**RECORDS FOR THE TASK**
++++++

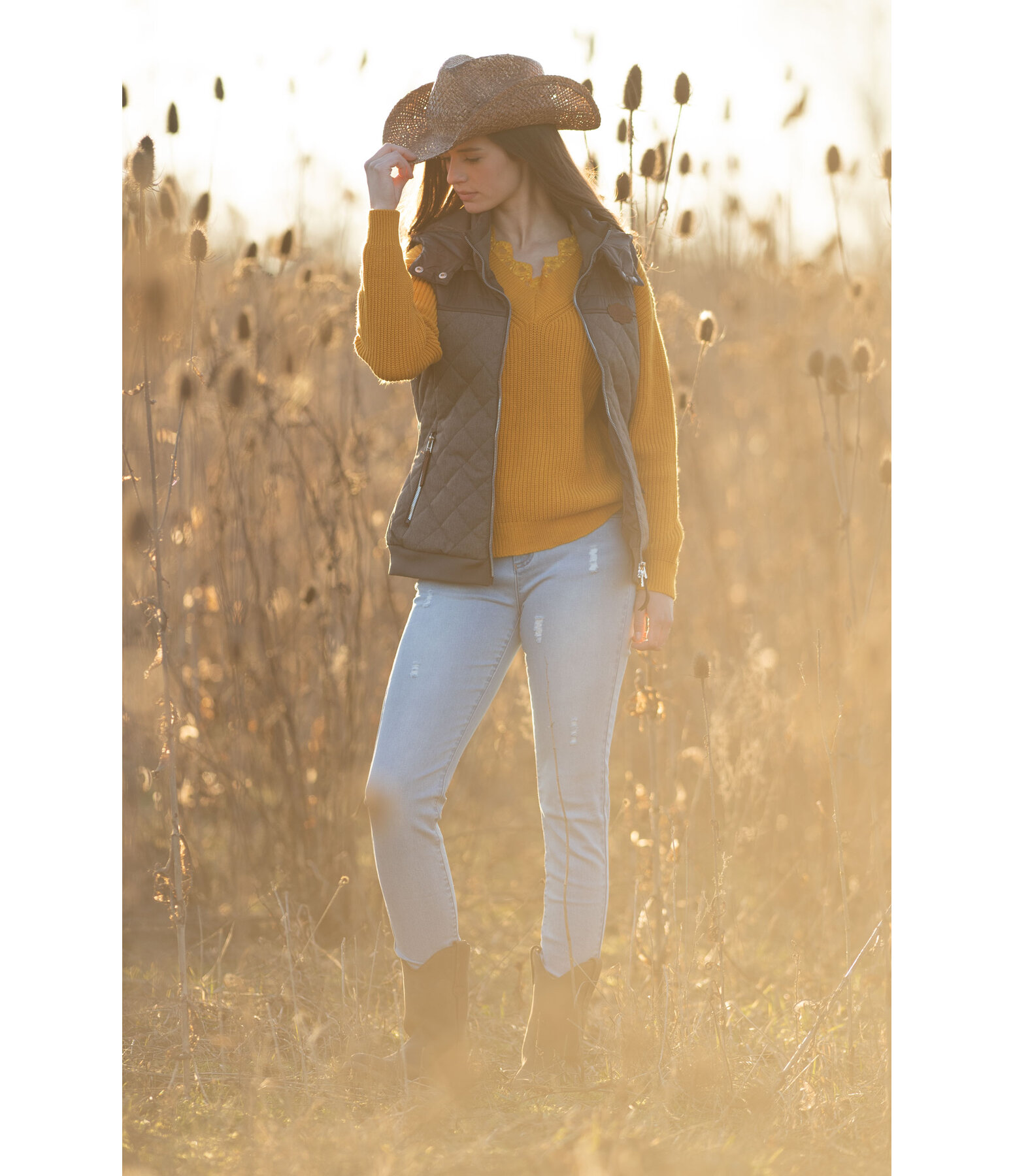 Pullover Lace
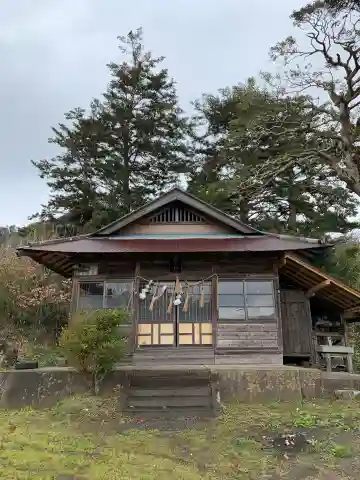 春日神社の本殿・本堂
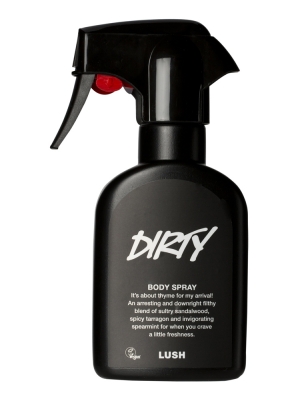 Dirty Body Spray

++++++

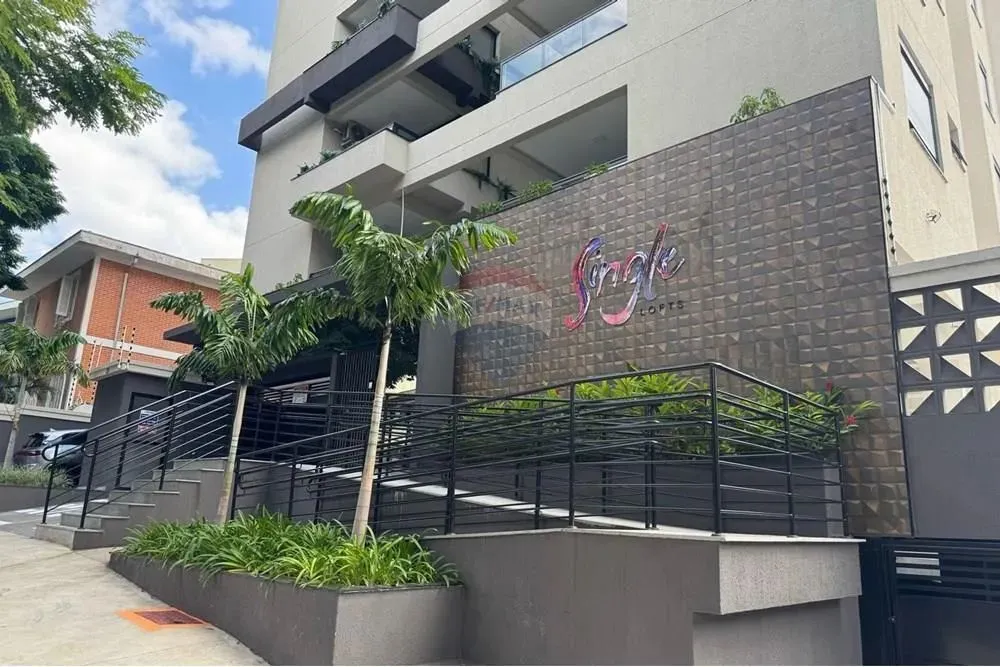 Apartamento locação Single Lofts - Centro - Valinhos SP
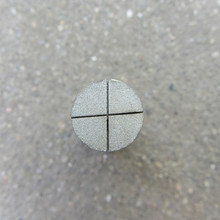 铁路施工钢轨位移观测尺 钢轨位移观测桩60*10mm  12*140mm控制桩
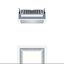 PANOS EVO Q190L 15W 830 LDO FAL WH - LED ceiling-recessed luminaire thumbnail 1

++++++

**TASK REQUIREMENTS**
In the records above, find the line containing "Apartamento locação Single" and the line containing "PANOS EVO Q190L", then give both of them again word for word along with every line between. Omit any pictures.

**ANSWER TO THIS EXERCISE**
 Apartamento locação Single Lofts - Centro - Valinhos SP
 铁路施工钢轨位移观测尺 钢轨位移观测桩60*10mm  12*140mm控制桩
 PANOS EVO Q190L 15W 830 LDO FAL WH - LED ceiling-recessed luminaire thumbnail 1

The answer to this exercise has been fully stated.